| TASK |
A faithful transcription of all lines below is the expected answer.

-*-*-

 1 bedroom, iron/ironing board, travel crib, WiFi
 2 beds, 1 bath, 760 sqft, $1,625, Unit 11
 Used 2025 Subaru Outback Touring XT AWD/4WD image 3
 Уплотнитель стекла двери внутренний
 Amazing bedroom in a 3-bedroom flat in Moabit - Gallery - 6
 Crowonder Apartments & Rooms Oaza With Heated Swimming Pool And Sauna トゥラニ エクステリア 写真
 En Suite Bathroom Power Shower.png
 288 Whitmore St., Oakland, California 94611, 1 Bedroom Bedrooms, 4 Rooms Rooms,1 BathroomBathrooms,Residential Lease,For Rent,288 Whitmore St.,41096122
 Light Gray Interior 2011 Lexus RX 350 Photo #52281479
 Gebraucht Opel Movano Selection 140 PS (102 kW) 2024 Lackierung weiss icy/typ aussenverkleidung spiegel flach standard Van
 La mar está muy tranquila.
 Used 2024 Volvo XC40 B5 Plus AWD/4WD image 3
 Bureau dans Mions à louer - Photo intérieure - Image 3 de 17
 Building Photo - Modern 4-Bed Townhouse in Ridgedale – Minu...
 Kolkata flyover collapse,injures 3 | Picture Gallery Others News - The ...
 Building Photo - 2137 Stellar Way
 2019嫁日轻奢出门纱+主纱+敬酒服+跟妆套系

-*-*-

| RESPONSE BELOW |
 1 bedroom, iron/ironing board, travel crib, WiFi
 2 beds, 1 bath, 760 sqft, $1,625, Unit 11
 Used 2025 Subaru Outback Touring XT AWD/4WD image 3
 Уплотнитель стекла двери внутренний
 Amazing bedroom in a 3-bedroom flat in Moabit - Gallery - 6
 Crowonder Apartments & Rooms Oaza With Heated Swimming Pool And Sauna トゥラニ エクステリア 写真
 En Suite Bathroom Power Shower.png
 288 Whitmore St., Oakland, California 94611, 1 Bedroom Bedrooms, 4 Rooms Rooms,1 BathroomBathrooms,Residential Lease,For Rent,288 Whitmore St.,41096122
 Light Gray Interior 2011 Lexus RX 350 Photo #52281479
 Gebraucht Opel Movano Selection 140 PS (102 kW) 2024 Lackierung weiss icy/typ aussenverkleidung spiegel flach standard Van
 La mar está muy tranquila.
 Used 2024 Volvo XC40 B5 Plus AWD/4WD image 3
 Bureau dans Mions à louer - Photo intérieure - Image 3 de 17
 Building Photo - Modern 4-Bed Townhouse in Ridgedale – Minu...
 Kolkata flyover collapse,injures 3 | Picture Gallery Others News - The ...
 Building Photo - 2137 Stellar Way
 2019嫁日轻奢出门纱+主纱+敬酒服+跟妆套系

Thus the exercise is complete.